Anyway, what I was going to write was something along the lines of the fact that paying the past due amount was an important step even if the interruption in service was completely unrelated.  (Unlike last time, when it turned out that not paying, ever, would have worked out just as well.)

It says it should take no more than an hour.

We'll see.  These are, after all, the people who told me that, even in the worst of all possible worlds, it would take at the absolute most two days for the . . . completely unnecessary part to arrive.  It wasn't even close to two days.  That wouldn't be so much of a problem except for the fact that they refused to turn my service on until the day of completely unnecessary part's arrival.

So, if I'm gone for a bit, it probably has something to do with all of this.

This post was brought to you by Dunkin' Donuts free wi-fi.


* which I'm still pissed off at myself about because it's like the one time in all of history (well, my history at any rate) that a money problem this big was completely avoidable.  This shouldn't have happened.  If I'd been paying more attention I should have been able to easily avoid it in any of several different ways.

Sunday, June 3, 2018

The shape of things to come (one hopes)

So, everyone who reads this probably knows most of how things currently are, though I still haven't written up a post on the bad news I got on the 16th of last month (which left my emotions in shambles and I don't expect to fully recover from any time soon.)

I'm stressed out, I'm behind on bills by a huge amount (though, I believe, still under a thousand dollars), my depression is coming out to play way too much, and I'm not writing.

That last bit is a really huge deal for me.  Being a storyteller is a part of who I am and when I can't do that it's like part of me is missing.  It's frustrating but that's such a small part of it.  I'm . . . listless, languishing without direction or purpose.  It's like I'm not . . . anything.  I can't put it into words, really.  Which is kind of fucked up given I'm a writer.

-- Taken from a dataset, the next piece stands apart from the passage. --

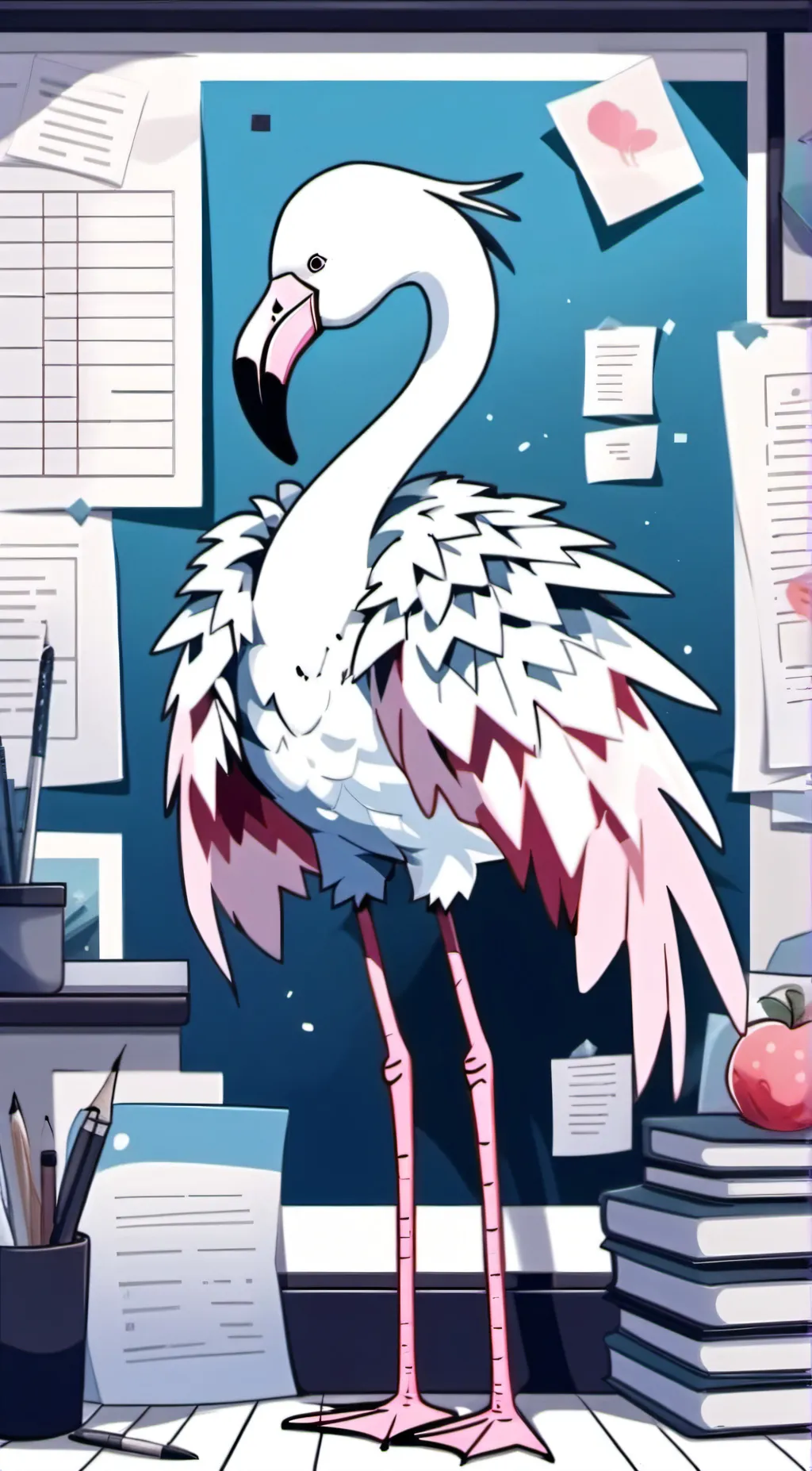 ai character: white flamigo background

And I've been stuck in these fucking doldrums for ages.

So, I have the barest outline of something that might possibly be part of a plan.

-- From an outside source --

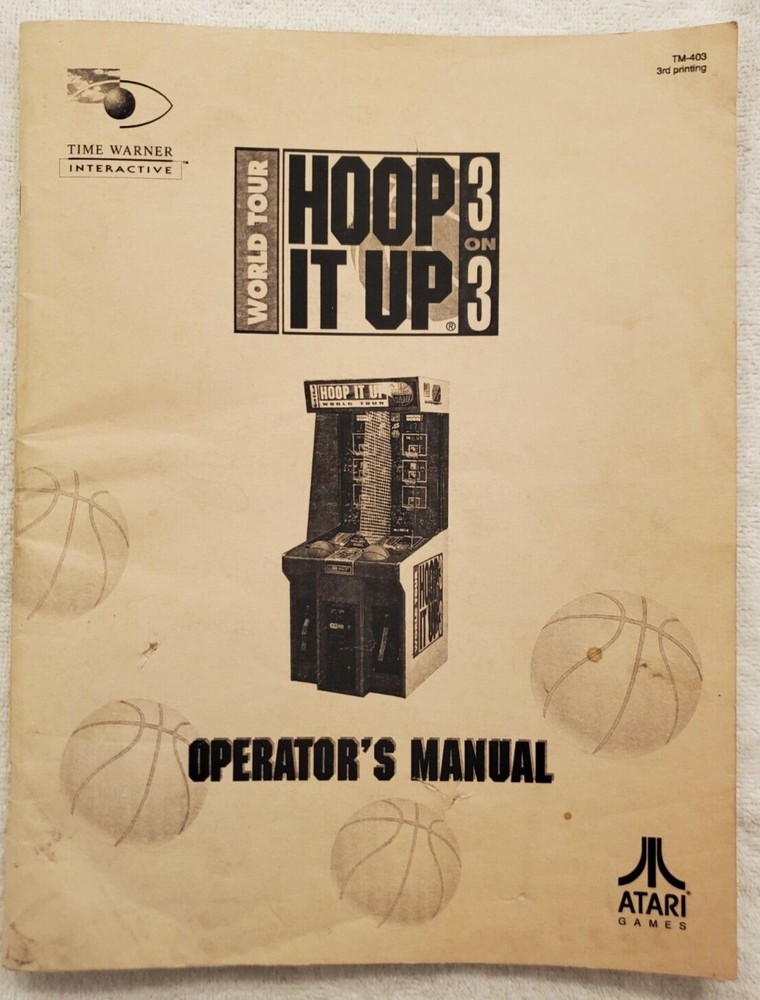 Atari Hoop It Up Arcade Game Operator's Manual/Wiring Diagrams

Basically, I'm going to try setting everything to easy mode, making full use of cheat codes, and hoping that success will lead to more success, good feelings, getting back into the flow, and such, with the result that at some point I'll be able to function at the higher difficulty levels again

I'm going to go back to my internet roots, sort of, and just do the sort of rewrites and whatnot that no reasonable person would ever publish outside of the comment section.  And then I'm going to publish them here.

I got my start taking scenes from Left Behind and later Twilight, because I was following Fred Clark's decon of the first and Ana Mardoll's decon of the second.  I'm not doing either of those things right now.  (For different reasons: I've fallen out of reading Fred , though I really ought to start again; Ana isn't doing her Twilight decon anymore.)

Things like Skewed Slightly to the Left and Edith and Ben, respectively, are definitely not easy mode things.  Easy mode isn't crafting a coherent narrative of a high quality in opposition to an existing incoherent narrative of low quality, it's more, "Well I would have done this, this, and this differently, which results in this, which is honestly without redeeming characteristics of any kind, but it is at least different from what we all started with."

Easy mode is somewhere between cutting and pasting and adaptation.  A bit more than editing, vaguely related to paraphrasing (they're second cousins) and . . . it's the opposite of being about skill or craft.  (Or originality.)

But, in theory, it's really fucking easy and so should allow words to flow again, and once that starts the hope is that I can then switch back over to the other stuff.


So, as the title of this post suggests, I have some idea of what path this might lead us down.

As noted, I'm not following a decon of Twilight or Left Behind right now.  Nor anything else.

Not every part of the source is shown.